What you have to do | Exact copies of the records below are needed, free of pictures.

[Given records — start]

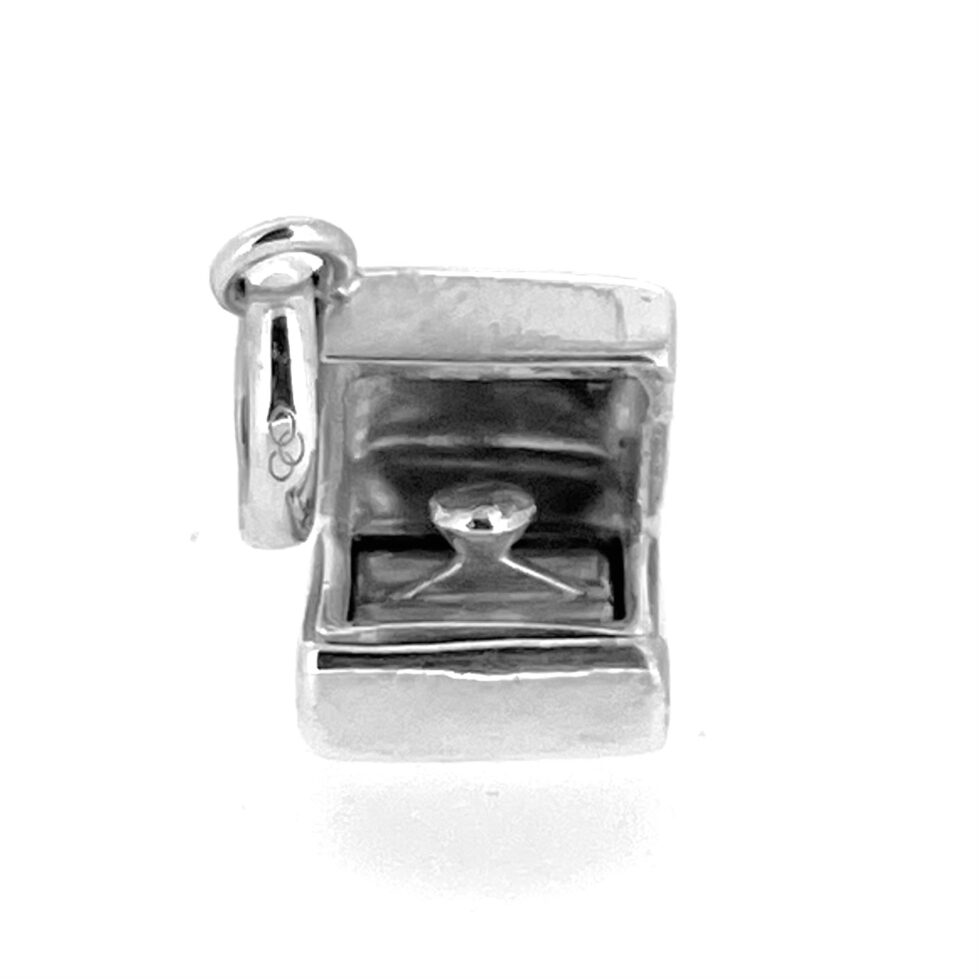 ring of the Vintage Links of London Ring in Box Charm showing its polished silver finish.
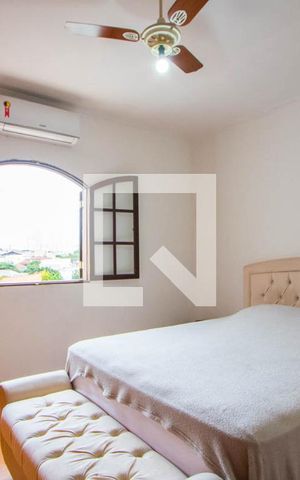 Casa para alugar com 278m², 3 quartos e 5 vagas Casa para alugar com 278m², 3 quartos e 5 vagasQuarto 1 - Suíte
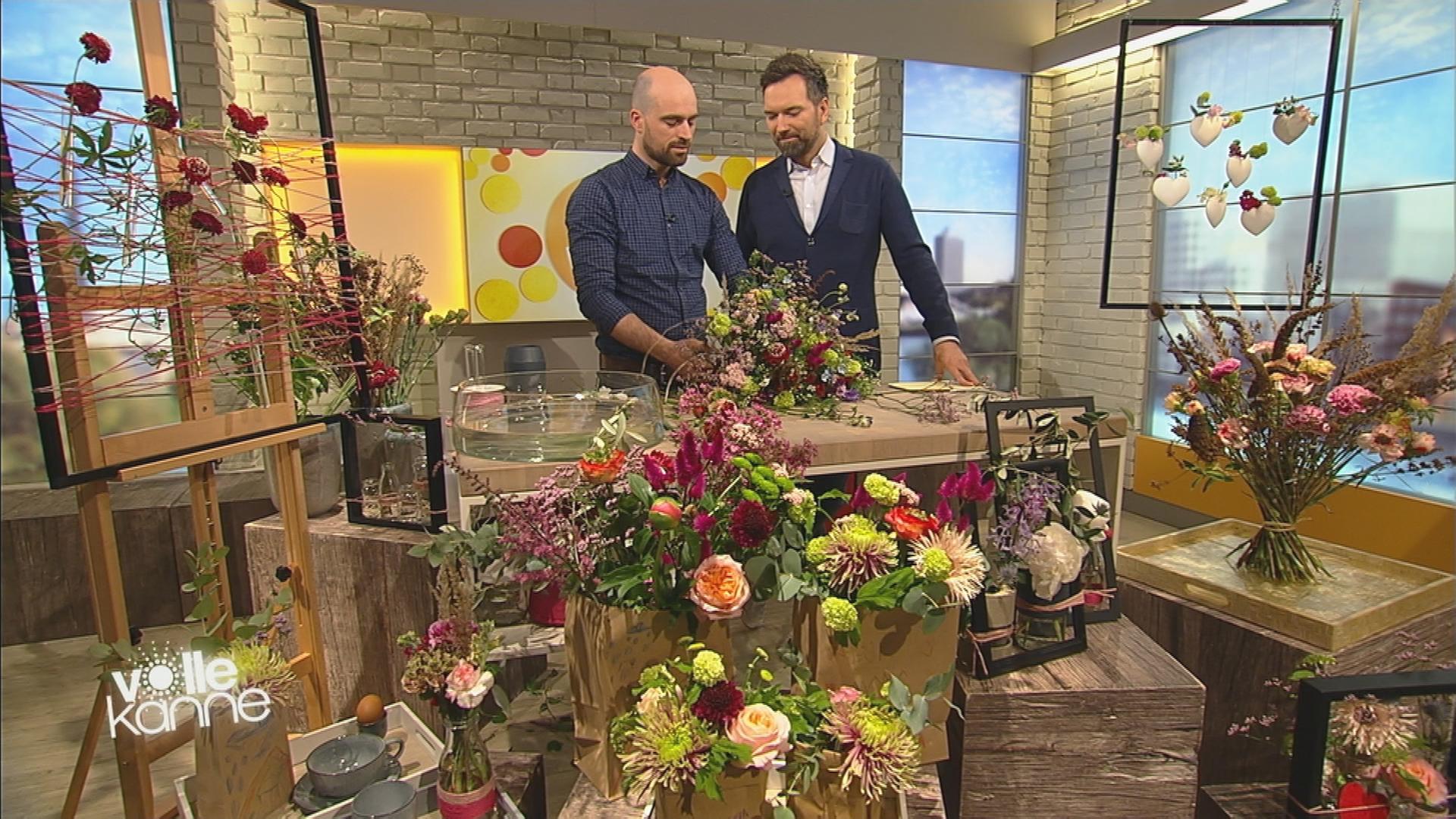 Florist Michael Frings präsentiert schöne Blumenkreationen zum Muttertag.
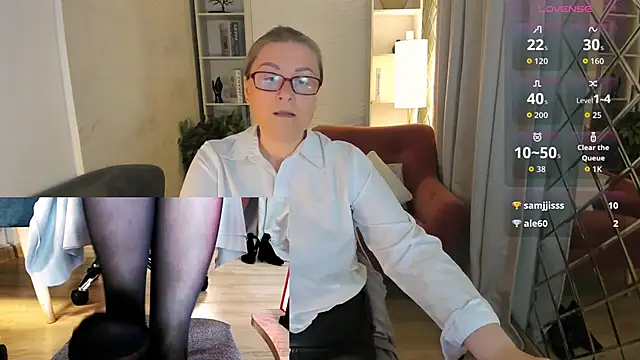 Snapshot of Alexandra_Kind chatting on 06.18.26 Alexandra Kind online show from 06.18.26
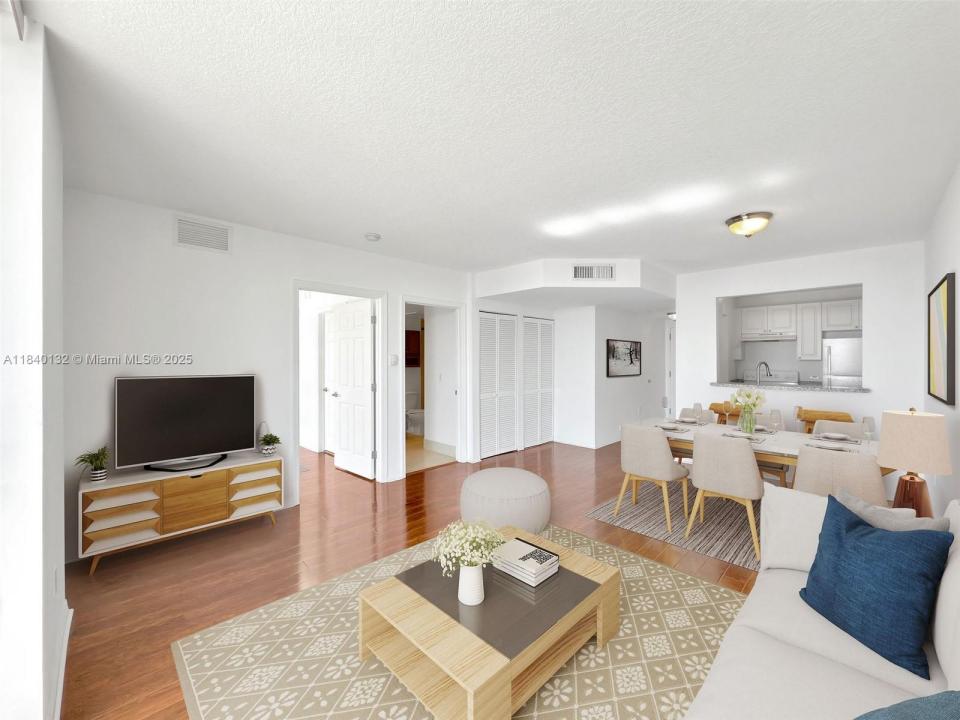 900 SW 8th St 1510, Miami, Florida 33130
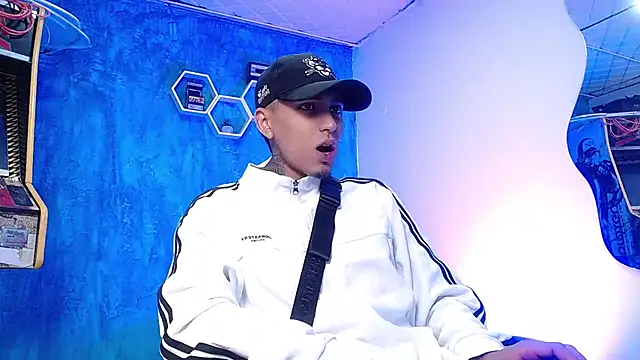 Snapshot of Liam_lee chatting on 12-12-24, 12:22 Liam lee online show from 12-12-24, 12:22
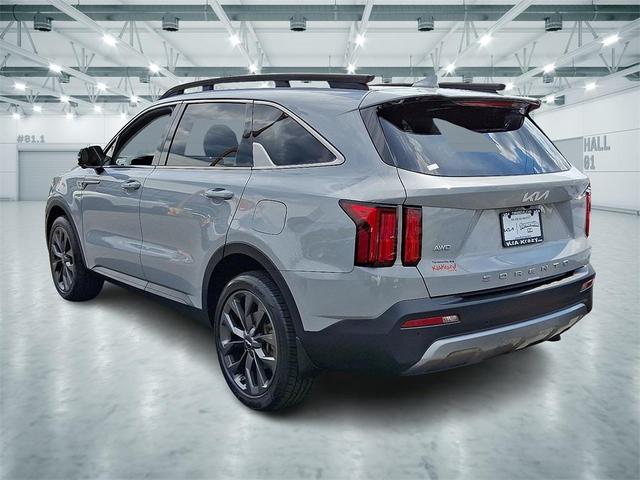Photo of 2022 Wolf Gray Kia Sorento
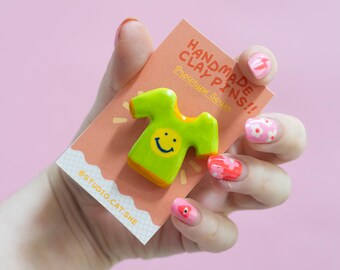 Handgemachter Pin aus Polymer Clay – Anstecknadel – Shirt Design, Studio Cat-She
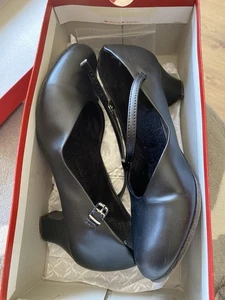 Capezio New Yorkers Character Shoes Black 2.5 Heel US 7.5 Uk 5.5 But More Uk 4.5 - Picture 1 of 9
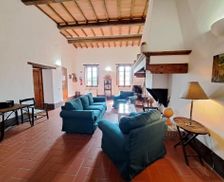Italy Tuscany Monteriggioni vacation rental compare prices direct by owner 18571482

[Given records — finish]

Task solution |
 ring of the Vintage Links of London Ring in Box Charm showing its polished silver finish.
 Casa para alugar com 278m², 3 quartos e 5 vagas Casa para alugar com 278m², 3 quartos e 5 vagasQuarto 1 - Suíte
 Florist Michael Frings präsentiert schöne Blumenkreationen zum Muttertag.
 Snapshot of Alexandra_Kind chatting on 06.18.26 Alexandra Kind online show from 06.18.26
 900 SW 8th St 1510, Miami, Florida 33130
 Snapshot of Liam_lee chatting on 12-12-24, 12:22 Liam lee online show from 12-12-24, 12:22
Photo of 2022 Wolf Gray Kia Sorento
 Handgemachter Pin aus Polymer Clay – Anstecknadel – Shirt Design, Studio Cat-She
 Capezio New Yorkers Character Shoes Black 2.5 Heel US 7.5 Uk 5.5 But More Uk 4.5 - Picture 1 of 9
Italy Tuscany Monteriggioni vacation rental compare prices direct by owner 18571482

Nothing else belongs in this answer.